Sono solo tre esempi di un repertorio ricchissimo e ben costruito. Tuttavia, nella stragrande maggioranza dei casi, i due estremi dell’arte e del kitsch non sono altrettanto riconoscibili. E, nel tempo, lo sono sempre meno. Lo scontornamento fallisce oppure resta sospeso, incompiuto tra le righe. Ma non è solo una questione legata al kitsch, è una faccenda con la quale da qualche tempo abbiamo un conto aperto noi tutti. Le nostre definizioni e le nostre certezze si sono fatte più nebulose o meno rilevanti. E così, arrampicandosi su questo albero del kitsch, di metro in metro, si ha più chiara e distinta l’impressione che il problema sollevato attraverso la categoria estetica del cattivo gusto sia un problema pratico che ha a che fare con la vita contemporanea, specialmente con quella degli studiosi.

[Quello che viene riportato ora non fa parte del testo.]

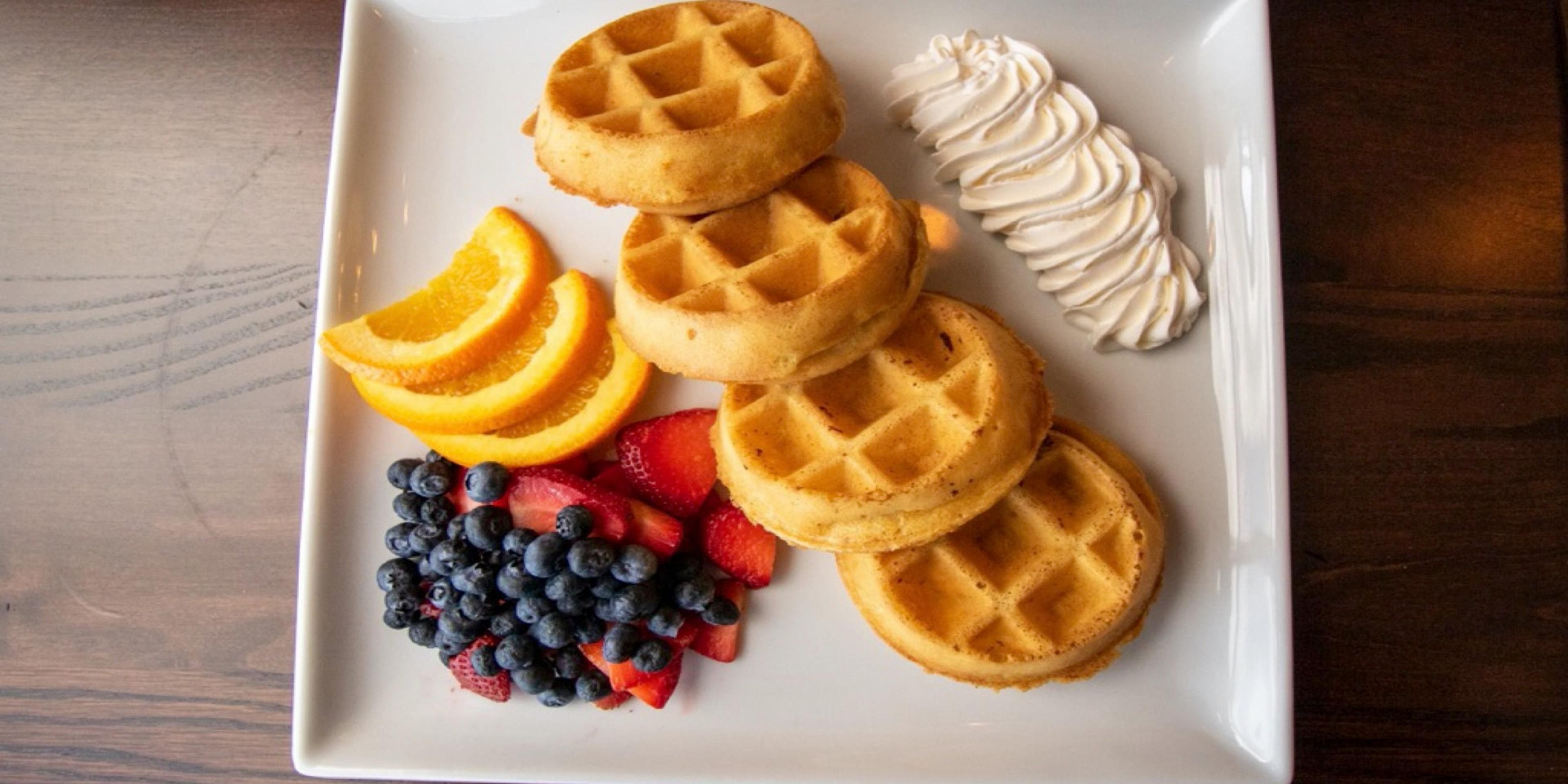 Waffles and fruit with whipped cream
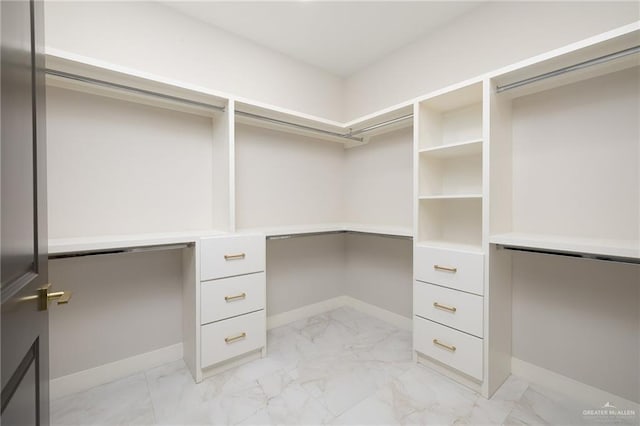 spacious closet with built in desk and marble finish floor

Di più, si ha l’impressione che il kitsch sia al tempo stesso il problema e la chiave per venirne a capo. E così studiarlo è una buona idea per seguire l’esempio del barone di Münchhausen e salvarsi dal pantano tirandosi per i propri capelli.

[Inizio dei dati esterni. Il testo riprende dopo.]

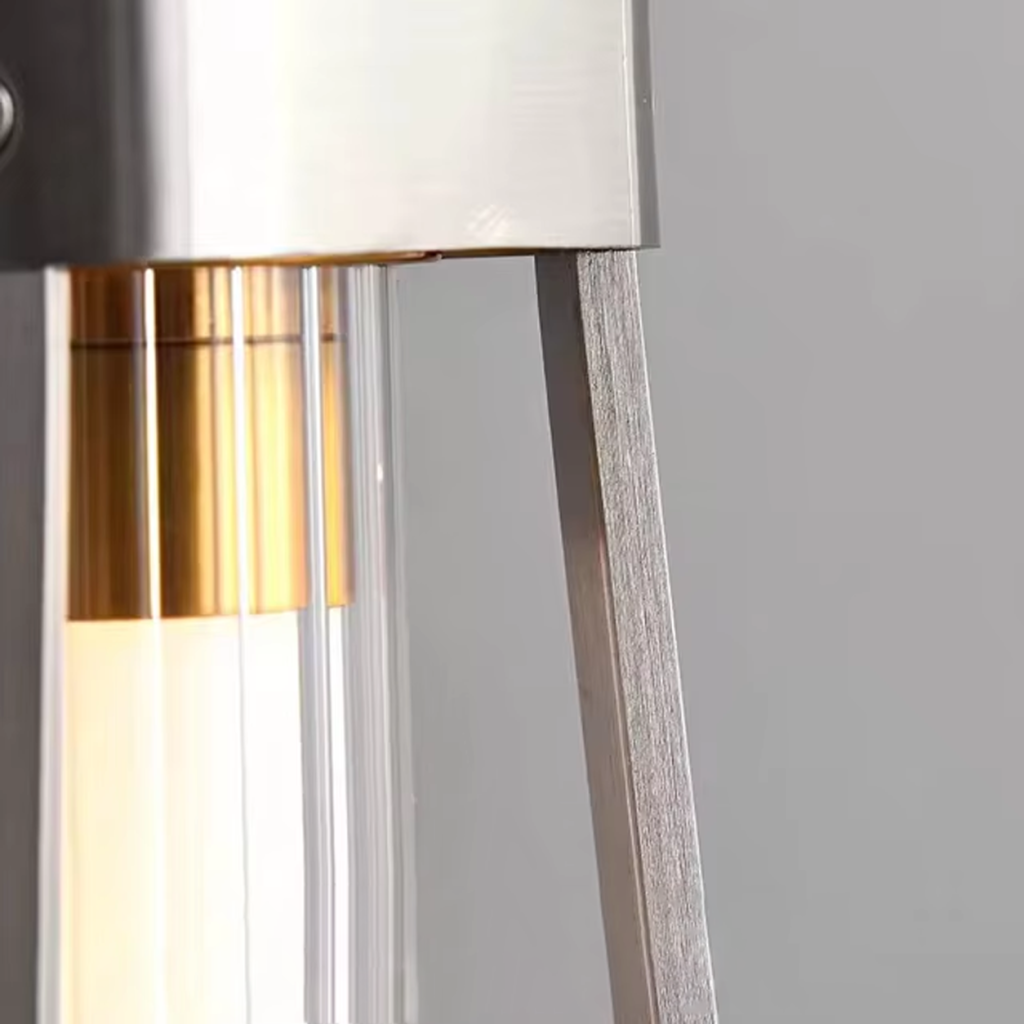 Close-up detail of brushed stainless steel bracket, fluted crystal tube, and gold aluminum inner accent on modern linear pendant light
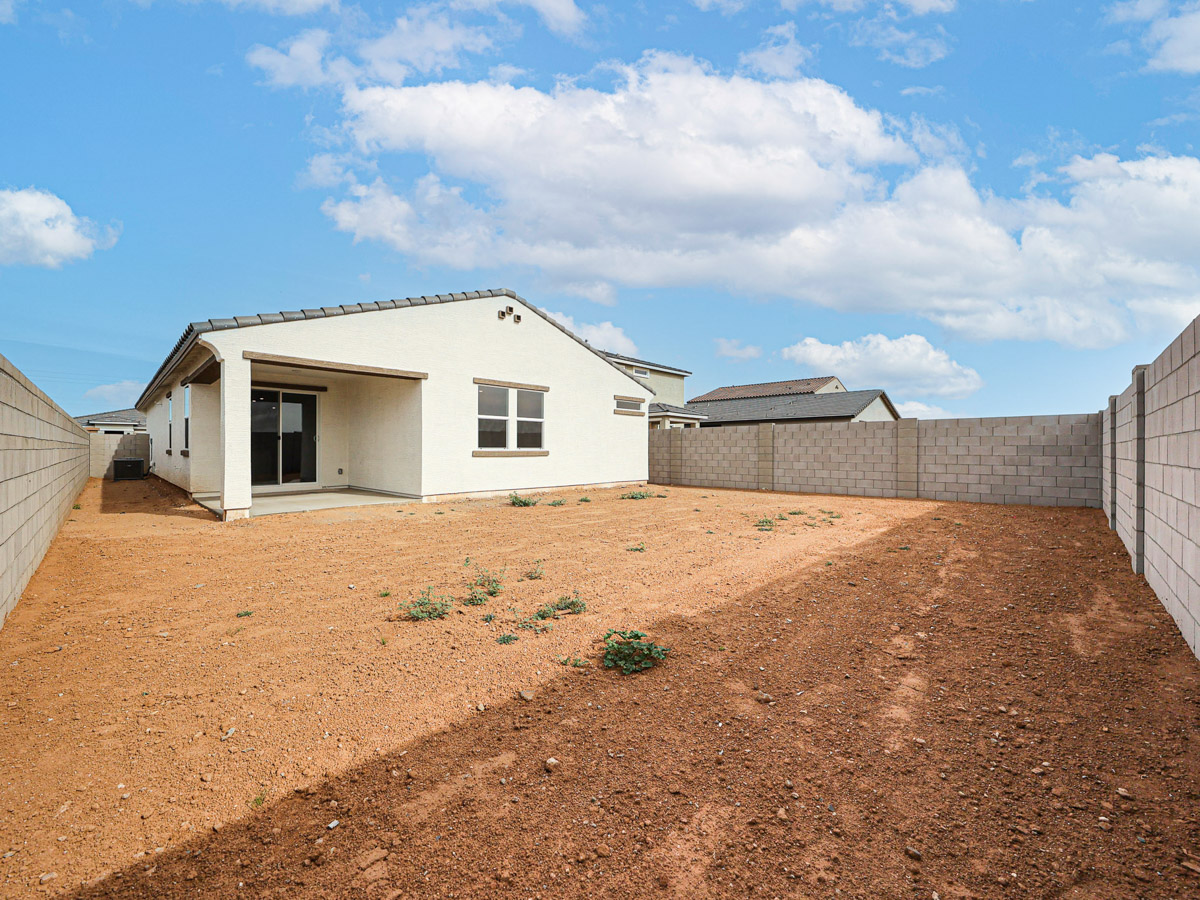 A dirt yard with a house in the background.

Il mondo che abitiamo, dal momento che è sempre più dinamico e visibile, pare in buona parte essersi liberato dalle schematizzazioni del bianco e del nero: le diversità sfumano, perciò è difficile professare un’appartenenza statica a una parte o all’altra del campo, è improbabile definire e conoscere passando per le differenze specifiche. È un proliferare di ponti, di attracchi, di teletrasporti e di terre di mezzo. Non è solo un fatto di complessità e di rapidità, però, è soprattutto un fatto di sguardo: se ci figuriamo il movimento della conoscenza in forma di una coreografia, possiamo riconoscere che la discesa dall’alto verso il basso, il contrappunto, non appartiene più al nostro gusto e viene soppiantata dal balletto orizzontale, è lo schema proprio di ogni fenomeno emergente, quello dello stormo o del branco, dove la direzione è decisa da un impercettibile primo cambio di passo, e poi come fa una “così fan tutte”. Questo cambio di tecnica coreografica porta a compimento premesse ormai antiche due secoli: la responsabilità delle definizioni non è più elitaria, ma è mobile, condivisa, provvisoria – vedi Wikipedia –, e niente sta fermo. Allora, parlare del kitsch e della sua faglia attiva è un altro modo per raccontare l’avvento della strategia più diffusa per conoscere oggi, quello dell’“uomo ammobiliato” di Walter Benjamin. Qui le forme del passato non sono comprese e metabolizzate da noi in virtù del loro contrasto, ma vengono giustapposte, possedute, e infine esposte in una riserva naturale, e nervosa: posti in cui il significato e l’anima hanno un ruolo piuttosto marginale, ma se non altro si guadagna in leggerezza (lo spiega bene Milena Jesenská) e in vascolarizzazione. Non saliamo sulle spalle dei giganti, ma siamo nani e siamo ovunque, il che ci consente di osservare comunque tutto, ma nei termini di una collezione di punti di vista, senza più affidarci allo sguardo di un narratore onnisciente. Dunque, kitsch, in un certo senso, potrebbe essere diventata la nostra tattica di ultima generazione – non dialettica, ma comparativa – per figurarci il senso e le cose, per incorporazione immediata del contenuto nel contenitore. Uno stile galleria. E così il kitsch, diventato in qualche misura trascendentale, sarebbe sempre più invisibile nella sua forma a posteriori: in compenso, però, è dentro di noi.

Per questa e molte altre ragioni era assolutamente necessario parlare del kitsch come di una creatura vivente che respira e si protende finché c’è luce, modificando silenziosamente o meno il mondo che la circonda. E così è stato fatto. In un rispettoso e grande tentativo di cattura, compresa quella fotografica: nell’album su commissione figurano quadri da motel, scatole vuote, composizioni di soprammobili di cattivo gusto, vetrine in disuso e zoom di scritte al neon.

Aperto e sensibile è l’albero. Così ogni buona antologia dovrebbe fare lo sforzo di tenere vivi i suoi fiori.